Monday, May. 23, 1994

Was the Picnic Ruined?

By Jack E. White

Albert Murray, the black social critic, once wisecracked, "Sure we got our troubles, but if white folks could be black for just one Saturday night, they wouldn't never want to be white folks no more." Henry Louis Gates Jr. does not go nearly that far in Colored People (Knopf; 216 pages; $22), his memoir of growing up in a West Virginia mill town during the 1950s and '60s. But his beguiling elegy for the exuberant society blacks created for themselves under the veil of segregation provides one explanation of why few African Americans, even if they had the power to change, would choose to be anything else.

As the chairman of Harvard's black-studies department and the author of several volumes of dense literary theory as well as countless op-ed pieces on racial issues, Gates, 44, has become one of the nation's most influential intellectuals. In Colored People he turns from scholarship to autobiography and writes intimately about his childhood, his teenage religious fanaticism, a frustrated youthful romance with a white girl. Still, history is never distant from Gates' mind. His coming of age coincided with one of America's most tumultuous eras, as the civil rights movement propelled blacks from "the colored world of the fifties ((to)) a Negro world of the early sixties ((to)) the advent of the black world of the later sixties."

These upheavals were slow to arrive for the 350 colored people in Gates' hometown of Piedmont, nestled in a sleepy hollow between the Allegheny Mountains and the Potomac River Valley. At first folks simply watched the speeches and marches on television. When the effects of the civil rights movement finally did come to the town in the 1960s, the impact was ambiguous. Blacks welcomed expanded job opportunities and an end to humiliating reminders of where -- quite literally -- they stood: they were now allowed to sit down in white restaurants. But integration also meant that the nurturing institutions blacks had created to take the sting out of segregation would become moribund.

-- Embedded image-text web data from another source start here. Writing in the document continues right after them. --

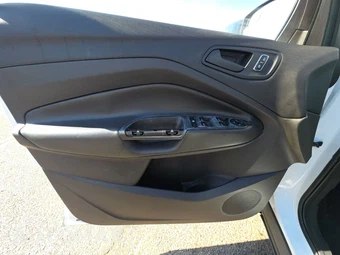 2014 Ford Escape S – miniatura 9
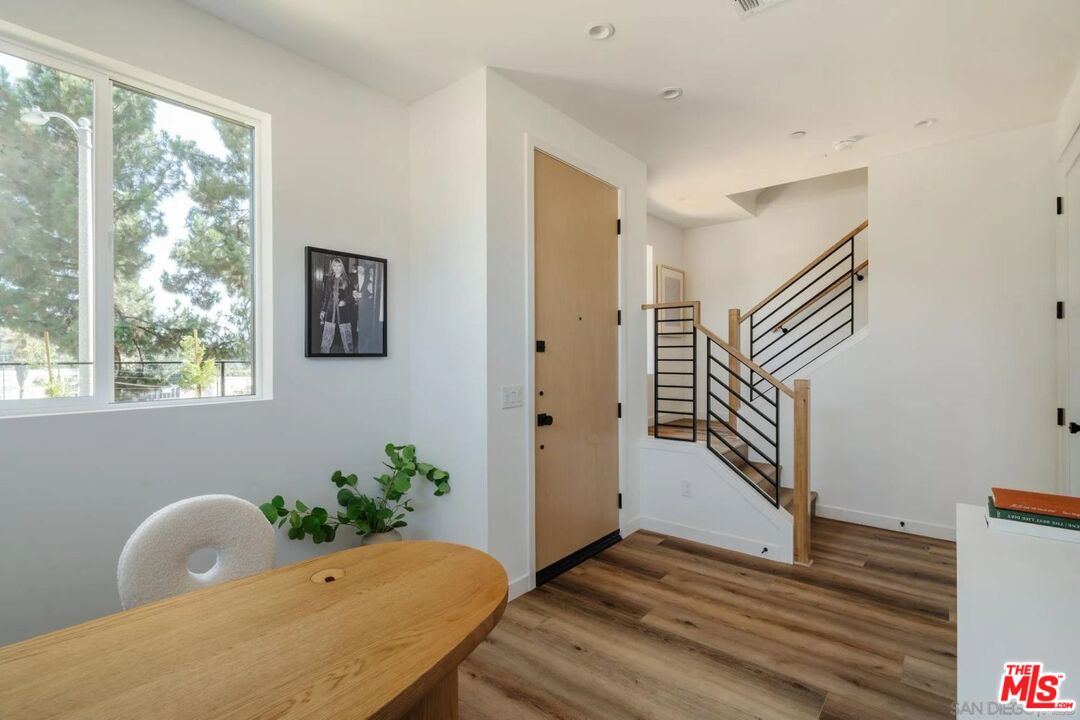 Property photo for 3868 N Riley Ln, Los Angeles, CA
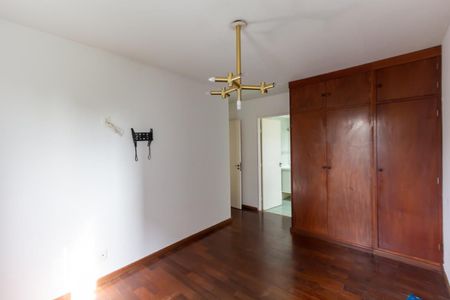 Apartamento à venda com 90m², 4 quartos e 1 vaga Apartamento à venda com 90m², 4 quartos e 1 vagaSuíte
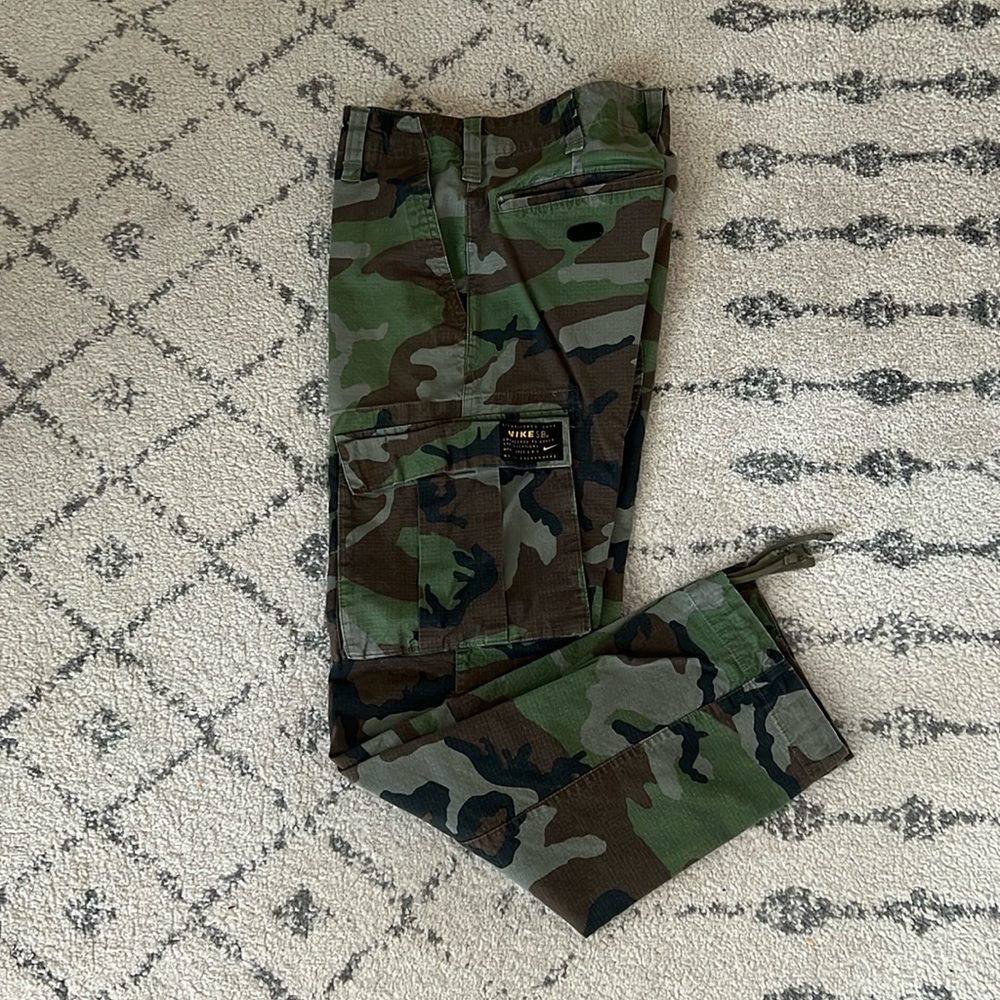 Nike SB Men’s Camouflage Cargo Pant size 28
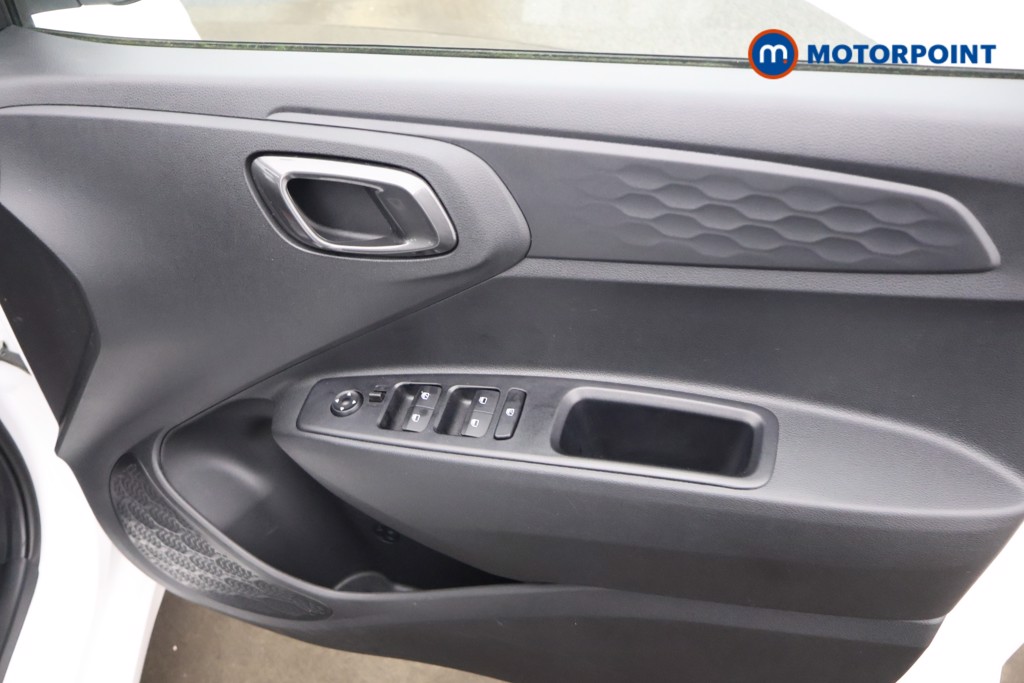 Hyundai I10 Advance Automatic Petrol Hatchback - Stock Number (1610689) - 12th supplementary image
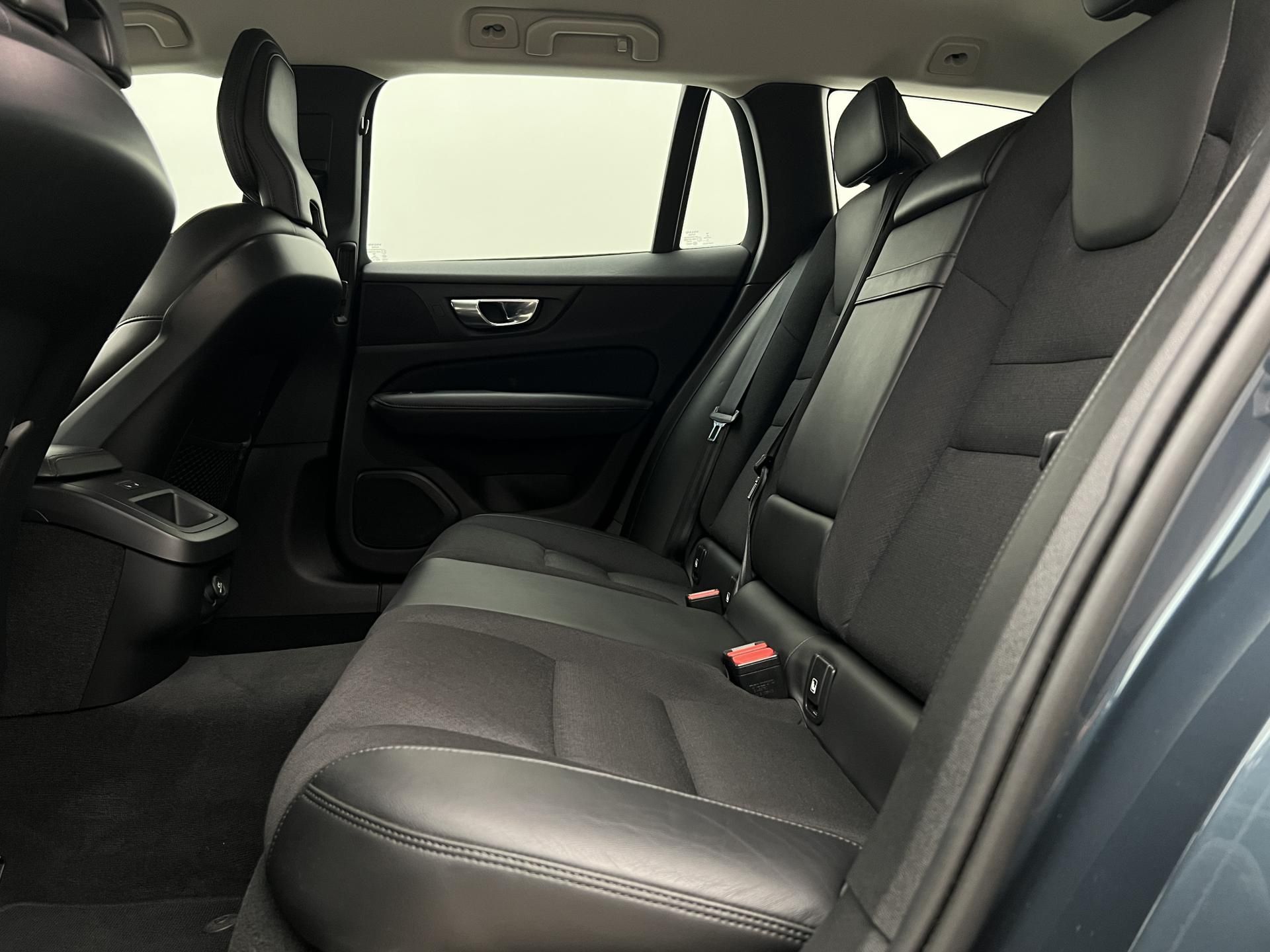 Volvo V60, CC D4 AWD AUT CZ 1. maj. - fotka 6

Among these segregated but proud institutions was the elementary school where generations received the sort of rigorous education that inner-city blacks today can hardly imagine. Another was the separate-but-more-than-equal "colored picnic," where blacks who worked at the paper mill gathered to dance, play bid whist and gorge themselves on soul food. Small wonder, as Gates writes, that for many of his parents' generation, "integration was experienced as a loss . . . Who in his right mind would want to go to the mill picnic with the white folks when it meant shutting the colored one down?" The black men and women of Piedmont never thought of themselves as second-class people despite their second-class status. This society teemed with role models , of hard work, family stability and excellence.

If properly admiring, however, Gates is not sanctimonious. He takes pleasure in describing his community's eccentrics, like Mr. Charlie, who confided that "George Washington was Abraham Lincoln's daddy," among other facts that whites had supposedly withheld from blacks; and churchy Miss Sarah, who consulted with Jesus every day, getting "full reports on all the seraphim and cherubim." Gates irreverently addresses such matters as blacks' fascination with their multitude of skin tones and their daily struggles to subdue their bushy hair. Even today, he writes, "so many black people still get their hair straightened that it's a wonder we don't have a national holiday for Madame C.J. Walker, who invented the process for straightening kinky hair, rather than Dr. King."

The strongest character in the book is Gates' mother Pauline, who looked down on whites as uncouth, dirty people who tasted their food "right out of the pot." Pauline's long struggle to become the owner of a home reflected the complicated, bittersweet consequences of change. Just as her children were on the brink of buying the house of a white family for whom Pauline had worked as a domestic, she began inventing reasons to back away from the purchase. Badgered by her son, she tearfully dredged up bitter memories of how the white family had mistreated her, compelling her to work on holidays instead of spending them with her family, and leaving money lying around to see if she would steal it. Pauline's children argued that she could exorcise those ghosts by making the house her own, and she relented. But as Gates acknowledges, "I'll never know if we did the right thing by buying her that house or if our insistence on vindicating her was somehow misguided."

What sets Gates' memoir apart from the harrowing, up-from-the-ghetto autobiographies that have appeared recently is its reminder that the black mainstream is not a tangle of pathology. Rather, he demonstrates, it is the source of a strong and resilient culture that has given the world such gifts as "a Jessye Norman aria, a Muhammad Ali shuffle, a Michael Jordan slam dunk, a Spike Lee movie, a Thurgood Marshall opinion, a Toni Morrison novel, James Brown's Camel Walk." Add to the list Gates' graceful, sparely written memoir, which establishes that he has not only brains but also a whole lot of soul.